How does Python 2.7 compare items inside a list

How does Python 2.7 compare items inside a list - python

I came across this interesting example today
class TestableEq(object):
def __init__(self):
self.eq_run = False
def __eq__(self, other):
self.eq_run = True
if isinstance(other, TestableEq):
other.eq_run = True
return self is other
>>> eq = TestableEq()
>>> eq.eq_run
False
>>> eq == eq
True
>>> eq.eq_run
True
>>> eq = TestableEq()
>>> eq is eq
True
>>> eq.eq_run
False
>>> [eq] == [eq]
True
>>> eq.eq_run # Should be True, right?
False
>>> (eq,) == (eq,) # Maybe with tuples?
True
>>> eq.eq_run
False
>>> {'eq': eq} == {'eq': eq} # dicts?
True
>>> eq.eq_run
False
>>> import numpy as np # Surely NumPy works as expected
>>> np.array([eq]) == np.array([eq])
True
>>> eq.eq_run
False
So it seems that comparisons inside containers works differently in Python. I would expect that the call to == would use each object's implementation of __eq__, otherwise what's the point? Additionally
class TestableEq2(object):
def __init__(self):
self.eq_run = False
def __eq__(self, other):
self.eq_run = True
other.eq_run = True
return False
>>> eq = TestableEq2()
>>> [eq] == [eq]
True
>>> eq.eq_run
False
>>> eq == eq
False
>>> eq.eq_run
True
Does this mean that Python uses is from within container's implementations of __eq__ instead? Is there a way around this?
My use case is that I am building a data structure inheriting from some of the collections ABCs and I want to write tests to make sure my structure is behaving correctly. I figured it would be simple to inject a value that recorded when it was compared, but to my surprise the test failed when checking to ensure that comparison occurred.
EDIT: I should mention that this is on Python 2.7, but I see the same behavior on 3.3.

CPython's underlying implementation will skip the equality check (==) for items in a list if items are identical (is).
CPython uses this as an optimization assuming identity implies equality.
This is documented in PyObject_RichCompareBool, which is used to compare items:
Note: If o1 and o2 are the same object, PyObject_RichCompareBool() will always return 1 for Py_EQ and 0 for Py_NE.
From the listobject.c implementation:
/* Search for the first index where items are different */
for (i = 0; i < Py_SIZE(vl) && i < Py_SIZE(wl); i++) {
int k = PyObject_RichCompareBool(vl->ob_item[i],
wl->ob_item[i], Py_EQ);
// k is 1 if objects are the same
// because of RichCmopareBool's behaviour
if (k < 0)
return NULL;
if (!k)
break;
}
As you can see as long as RichCompareBool is 1 (True) the items are not checked.
And from object.c's implementation of PyObject_RichCompareBool:
/* Quick result when objects are the same.
Guarantees that identity implies equality. */
if (v == w) {
if (op == Py_EQ)
return 1;
else if (op == Py_NE)
return 0;
}
// ... actually deep-compare objects
To override this you'll have to compare the items manually.

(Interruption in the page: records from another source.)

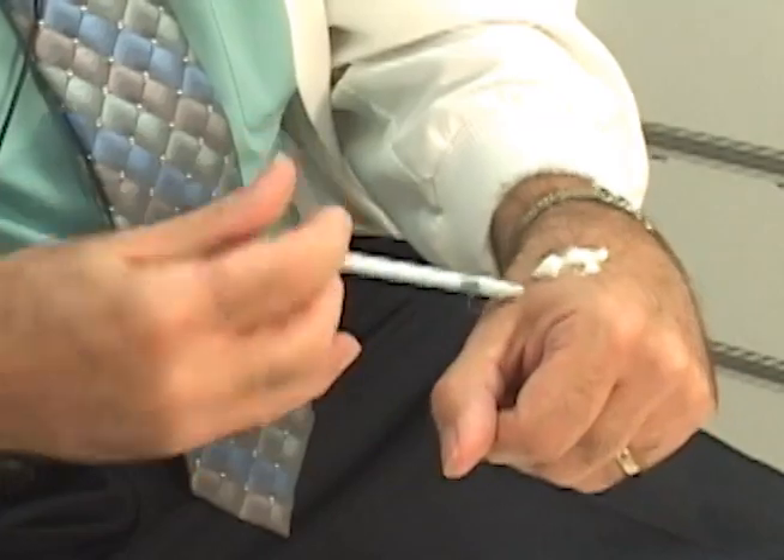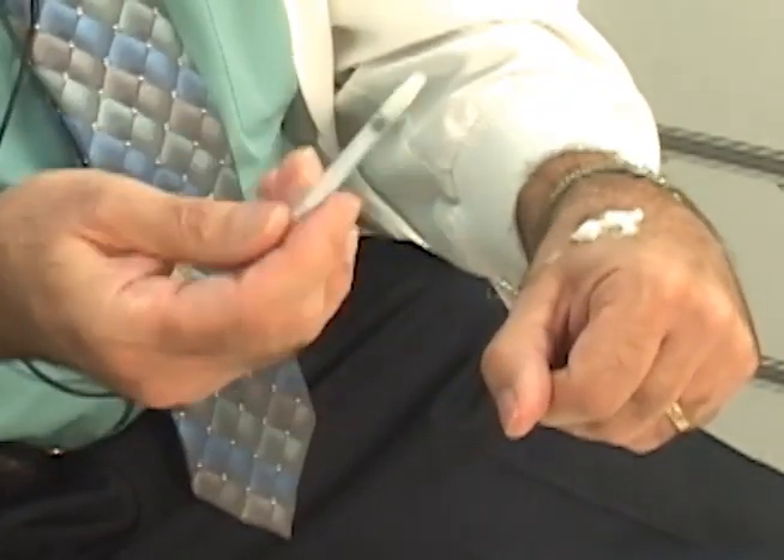That could be 1 ml or could be any portion of 1 ml — 0.5, 0.1.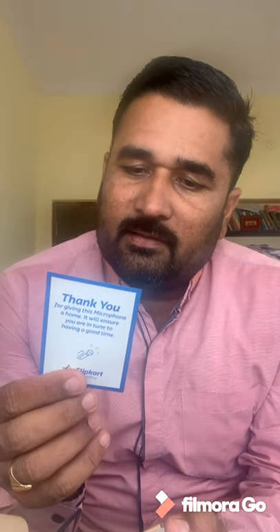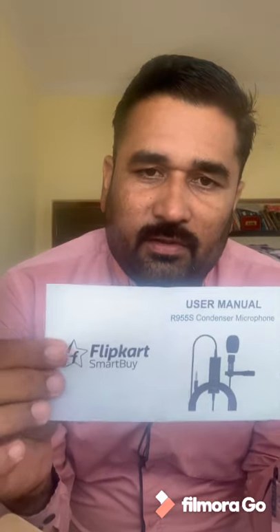So I have with me this Flipkart Smart Buy and I am going to unbox it today in this unboxing show. Let us see what is there in this box. This box has a thank you card by Flipkart.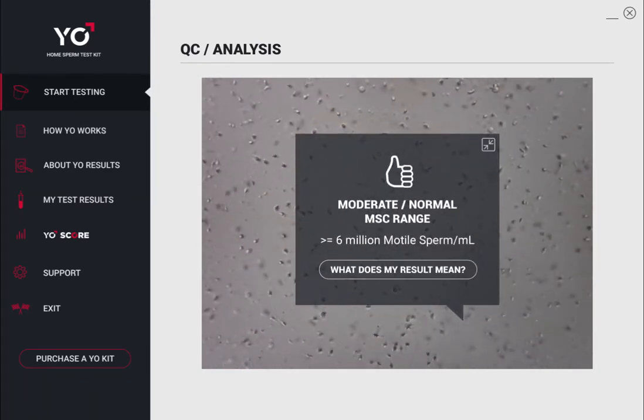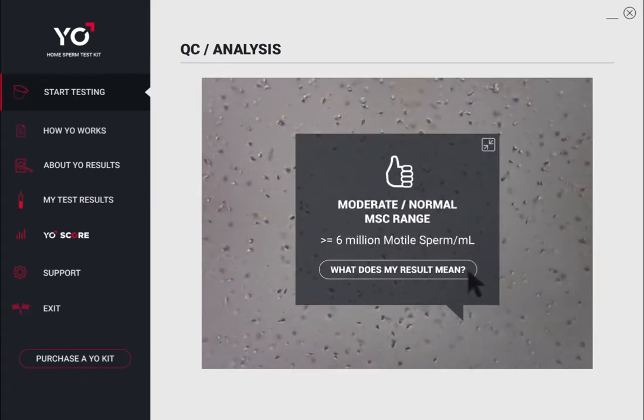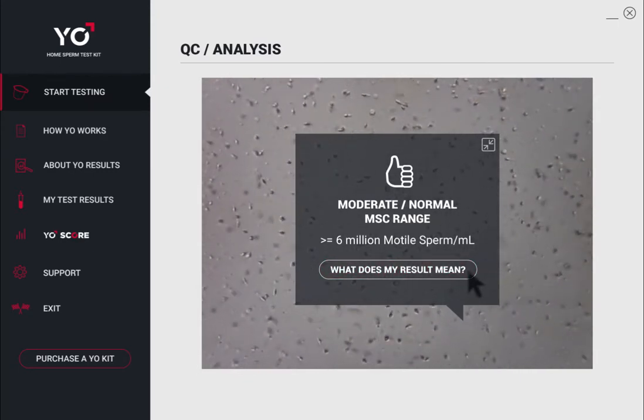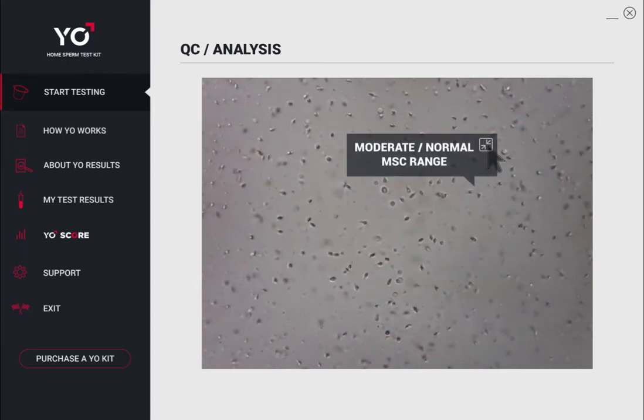To find out more about your results, click What Does It Mean? View your swimmers in action in full screen by clicking the minimize button.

Python's testing of equality for sequences goes as follows:
Lists identical?
/ \
Y N
/ \
Equal Same length?
/ \
Y N
/ \
Items identical? Not equal
/ \
Y N
/ \
Equal Items equal?
/ \
Y N
/ \
Equal Not equal
You can see that the equality of the items at each position is tested only if the two sequences are the same length but the items at each position are not identical. If you want to force equality checks to be used, you need e.g.:
all(item1 == item2 for item1, item2 in zip(list1, list2))

If x is y there is no reason to call x == y, by contract of ==. Python is taking this shortcut.
This can be verified/disprove this by creating an eq1 and an eq2 in the tests and then using [eq1] == [eq2].
Here is as example:
class TestableEq(object):
def __init__(self):
self.eq_run = False
def __eq__(self, other):
self.eq_run = True
return True # always assume equals for test
eq1 = TestableEq()
eq2 = TestableEq()
eq3 = TestableEq()
print [eq1] == [eq2] # True
print eq1.eq_run # True - implies e1 == e2
print eq2.eq_run # False - but NOT e2 == e1
print [eq3] == [eq3] # True
print eq3.eq_run # False - implies NO e3 == e3
When the items are is there is no == involved.
The difference with the dictionaries can be explained similarly.

When comparing two lists, the cPython implementation short-circuits member comparisons using object equality (obj1 is obj2), because, according to a comment in the code:
/* Quick result when objects are the same.
Guarantees that identity implies equality. */
If the two objects are not exactly the same object, then cPython does a rich compare, using __eq__ if implemented.

Related

Differentiate False and 0

Let's say I have a list with different values, like this:
[1,2,3,'b', None, False, True, 7.0]
I want to iterate over it and check that every element is not in list of some forbidden values. For example, this list is [0,0.0].
When I check if False in [0,0.0] I get True. I understand that python casts False to 0 here - but how I can avoid it and make this check right - that False value is not in [0,0.0]?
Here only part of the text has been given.